Temyiz edilen hükmü Yargıtay tarafından bozulan ve Yargıtayın bu bozma kararına uymuş olan hukuk mahkemesi, bozma kararı doğrultusunda inceleme yapmak ve hüküm vermek zorundadır. 6100 sayılı Hukuk Muhakemeleri Kanununun 297. maddesinin (2.) fıkrasında; hükmün sonuç kısmında gerekçeye ait herhangi bir söz tekrar edilmeksizin, taleplerden her biri hakkında verilen hükümle taraflara yüklenen borç ve tanınan hakların, sıra numarası altında; şüphe ve tereddüt uyandırmayacak şekilde açıkça gösterilmesi gerektiği, aynı Yasanın 298. maddesinin (2.) fıkrasında ise; gerekçeli kararın, tefhim edilen hükme aykırı olamayacağı hükme bağlanmıştır. Bu düzenlemeye göre; bilirkişi raporu, kroki gibi herhangi bir belgeye atıf yapılarak hüküm kurulamaz. Mahkemece, gerekirse yeniden bilirkişi raporu da alınarak, infazda güçlük çıkarmayacak şekilde, dava konusu taşınmaz üzerindeki hangi bölümün aile konutu olarak kullanıldığının tespit edilmesi ve bu bölümle sınırlı olacak şekilde ipoteğin kaldırılması ile aile konutu şerhi konulmasına karar verilmesi gerekirken yazılı şekilde karar verilmesi doğru görülmemiş ve bozmayı gerektirmiştir.

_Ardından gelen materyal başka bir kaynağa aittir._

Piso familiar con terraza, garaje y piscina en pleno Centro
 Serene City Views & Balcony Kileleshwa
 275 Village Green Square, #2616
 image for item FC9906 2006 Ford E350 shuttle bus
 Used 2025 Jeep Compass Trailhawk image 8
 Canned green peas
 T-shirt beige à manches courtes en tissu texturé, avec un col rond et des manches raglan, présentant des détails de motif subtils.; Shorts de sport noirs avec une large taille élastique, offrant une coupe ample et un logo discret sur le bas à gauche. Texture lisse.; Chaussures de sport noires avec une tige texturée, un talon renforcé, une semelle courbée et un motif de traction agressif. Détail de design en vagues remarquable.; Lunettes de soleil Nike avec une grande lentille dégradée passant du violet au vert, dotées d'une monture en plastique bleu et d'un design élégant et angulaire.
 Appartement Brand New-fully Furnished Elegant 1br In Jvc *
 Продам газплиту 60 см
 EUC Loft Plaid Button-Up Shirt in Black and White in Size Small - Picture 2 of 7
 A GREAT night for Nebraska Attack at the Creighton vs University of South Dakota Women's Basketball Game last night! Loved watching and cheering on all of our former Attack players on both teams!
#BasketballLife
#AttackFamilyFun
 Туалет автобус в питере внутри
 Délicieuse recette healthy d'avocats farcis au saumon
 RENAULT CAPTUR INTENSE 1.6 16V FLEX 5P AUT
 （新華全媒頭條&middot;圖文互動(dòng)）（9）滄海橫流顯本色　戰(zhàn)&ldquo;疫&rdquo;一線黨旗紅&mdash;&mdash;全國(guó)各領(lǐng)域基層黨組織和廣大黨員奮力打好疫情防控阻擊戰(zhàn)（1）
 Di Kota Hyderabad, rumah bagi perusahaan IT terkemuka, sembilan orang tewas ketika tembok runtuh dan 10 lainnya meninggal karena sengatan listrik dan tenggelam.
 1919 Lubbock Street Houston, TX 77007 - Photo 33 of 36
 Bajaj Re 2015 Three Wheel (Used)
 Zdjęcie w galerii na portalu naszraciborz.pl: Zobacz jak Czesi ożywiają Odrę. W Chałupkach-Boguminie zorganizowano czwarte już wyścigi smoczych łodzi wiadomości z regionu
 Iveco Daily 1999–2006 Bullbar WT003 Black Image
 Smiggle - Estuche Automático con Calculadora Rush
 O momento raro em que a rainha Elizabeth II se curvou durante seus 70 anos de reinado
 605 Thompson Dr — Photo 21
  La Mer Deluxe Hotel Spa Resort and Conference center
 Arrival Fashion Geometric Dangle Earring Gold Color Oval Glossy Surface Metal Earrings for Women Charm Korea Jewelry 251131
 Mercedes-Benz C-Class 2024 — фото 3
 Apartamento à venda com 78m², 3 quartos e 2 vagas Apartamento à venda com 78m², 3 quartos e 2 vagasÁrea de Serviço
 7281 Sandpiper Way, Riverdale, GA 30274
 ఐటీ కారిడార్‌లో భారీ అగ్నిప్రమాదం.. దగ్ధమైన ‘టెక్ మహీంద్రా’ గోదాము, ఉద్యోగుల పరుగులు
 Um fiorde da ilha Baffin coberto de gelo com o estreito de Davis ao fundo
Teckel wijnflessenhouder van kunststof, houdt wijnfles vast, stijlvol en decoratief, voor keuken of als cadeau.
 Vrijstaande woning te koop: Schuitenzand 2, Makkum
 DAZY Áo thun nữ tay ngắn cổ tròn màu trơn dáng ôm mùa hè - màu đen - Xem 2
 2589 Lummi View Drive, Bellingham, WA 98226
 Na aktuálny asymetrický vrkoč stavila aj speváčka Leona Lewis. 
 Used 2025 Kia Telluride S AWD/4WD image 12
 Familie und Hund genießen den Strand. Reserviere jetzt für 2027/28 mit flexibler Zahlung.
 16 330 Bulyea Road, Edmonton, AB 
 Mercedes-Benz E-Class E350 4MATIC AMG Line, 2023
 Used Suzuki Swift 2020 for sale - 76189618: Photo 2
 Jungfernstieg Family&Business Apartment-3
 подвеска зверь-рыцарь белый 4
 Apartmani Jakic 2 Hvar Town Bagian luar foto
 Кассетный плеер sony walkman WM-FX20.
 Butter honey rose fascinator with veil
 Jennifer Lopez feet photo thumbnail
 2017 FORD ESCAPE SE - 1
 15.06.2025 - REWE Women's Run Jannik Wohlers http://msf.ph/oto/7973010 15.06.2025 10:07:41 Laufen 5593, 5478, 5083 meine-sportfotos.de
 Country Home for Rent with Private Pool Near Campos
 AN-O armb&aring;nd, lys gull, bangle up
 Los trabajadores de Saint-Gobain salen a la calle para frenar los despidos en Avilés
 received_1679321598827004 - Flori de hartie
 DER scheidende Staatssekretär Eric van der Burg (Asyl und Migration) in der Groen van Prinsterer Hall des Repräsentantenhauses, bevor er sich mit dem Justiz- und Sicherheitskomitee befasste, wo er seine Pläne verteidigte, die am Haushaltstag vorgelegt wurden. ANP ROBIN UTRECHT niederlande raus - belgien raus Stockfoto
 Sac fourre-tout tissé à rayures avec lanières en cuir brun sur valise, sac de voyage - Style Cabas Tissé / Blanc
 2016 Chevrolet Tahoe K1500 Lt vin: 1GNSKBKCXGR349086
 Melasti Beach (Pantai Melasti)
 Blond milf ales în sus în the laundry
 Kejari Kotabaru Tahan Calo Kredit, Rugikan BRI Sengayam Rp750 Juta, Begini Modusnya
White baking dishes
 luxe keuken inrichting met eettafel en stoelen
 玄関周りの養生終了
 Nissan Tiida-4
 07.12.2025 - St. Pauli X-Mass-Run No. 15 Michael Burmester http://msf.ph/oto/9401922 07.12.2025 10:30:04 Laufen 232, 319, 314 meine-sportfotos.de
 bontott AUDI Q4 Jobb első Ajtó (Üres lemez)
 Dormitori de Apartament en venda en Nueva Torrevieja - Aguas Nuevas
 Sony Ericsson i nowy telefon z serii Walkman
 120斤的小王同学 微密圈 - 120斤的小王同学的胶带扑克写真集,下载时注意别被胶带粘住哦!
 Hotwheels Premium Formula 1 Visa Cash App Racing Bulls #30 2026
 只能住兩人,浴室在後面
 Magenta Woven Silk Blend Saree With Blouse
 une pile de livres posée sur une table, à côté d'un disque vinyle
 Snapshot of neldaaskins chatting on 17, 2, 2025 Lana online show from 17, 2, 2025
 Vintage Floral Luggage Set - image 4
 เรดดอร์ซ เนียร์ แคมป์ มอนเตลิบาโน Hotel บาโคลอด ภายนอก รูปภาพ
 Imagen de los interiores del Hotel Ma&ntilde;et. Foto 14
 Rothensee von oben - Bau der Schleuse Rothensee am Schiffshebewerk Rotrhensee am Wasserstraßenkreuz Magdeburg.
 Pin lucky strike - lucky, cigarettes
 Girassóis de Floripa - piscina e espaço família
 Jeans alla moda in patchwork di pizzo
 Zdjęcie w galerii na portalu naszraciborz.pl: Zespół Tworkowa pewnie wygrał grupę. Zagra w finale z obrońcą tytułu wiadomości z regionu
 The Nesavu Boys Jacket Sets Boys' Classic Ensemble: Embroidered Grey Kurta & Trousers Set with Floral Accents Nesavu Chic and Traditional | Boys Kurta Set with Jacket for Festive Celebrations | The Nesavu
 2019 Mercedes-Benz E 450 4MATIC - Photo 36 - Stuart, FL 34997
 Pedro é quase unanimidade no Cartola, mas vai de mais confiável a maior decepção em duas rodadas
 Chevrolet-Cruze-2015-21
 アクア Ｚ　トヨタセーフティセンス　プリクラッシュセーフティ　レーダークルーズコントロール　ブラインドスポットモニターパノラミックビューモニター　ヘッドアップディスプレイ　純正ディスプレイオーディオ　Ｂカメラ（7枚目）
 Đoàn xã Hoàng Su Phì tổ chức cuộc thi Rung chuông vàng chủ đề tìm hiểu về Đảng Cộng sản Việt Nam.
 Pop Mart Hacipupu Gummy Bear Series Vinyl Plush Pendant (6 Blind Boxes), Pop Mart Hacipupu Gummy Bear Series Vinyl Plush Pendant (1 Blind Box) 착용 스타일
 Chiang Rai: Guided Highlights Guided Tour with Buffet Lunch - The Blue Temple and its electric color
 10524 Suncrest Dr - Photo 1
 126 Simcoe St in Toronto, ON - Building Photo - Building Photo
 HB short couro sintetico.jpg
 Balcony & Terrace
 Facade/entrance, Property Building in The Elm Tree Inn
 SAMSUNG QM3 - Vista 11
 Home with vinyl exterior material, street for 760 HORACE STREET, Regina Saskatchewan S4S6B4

SONUÇ: Temyiz edilen hükmün yukarıda gösterilen sebeple BOZULMASINA, bozma sebebine göre yargılama giderleri ve vekâlet ücretine yönelik temyiz itirazlarının şimdilik incelenmesine yer olmadığına, temyiz peşin harcının istek halinde yatırana geri verilmesine, işbu kararın tebliğinden itibaren 15 gün içinde karar düzeltme yolu açık olmak üzere oy birliğiyle karar verildi. 21.09.2022 (Çrş.)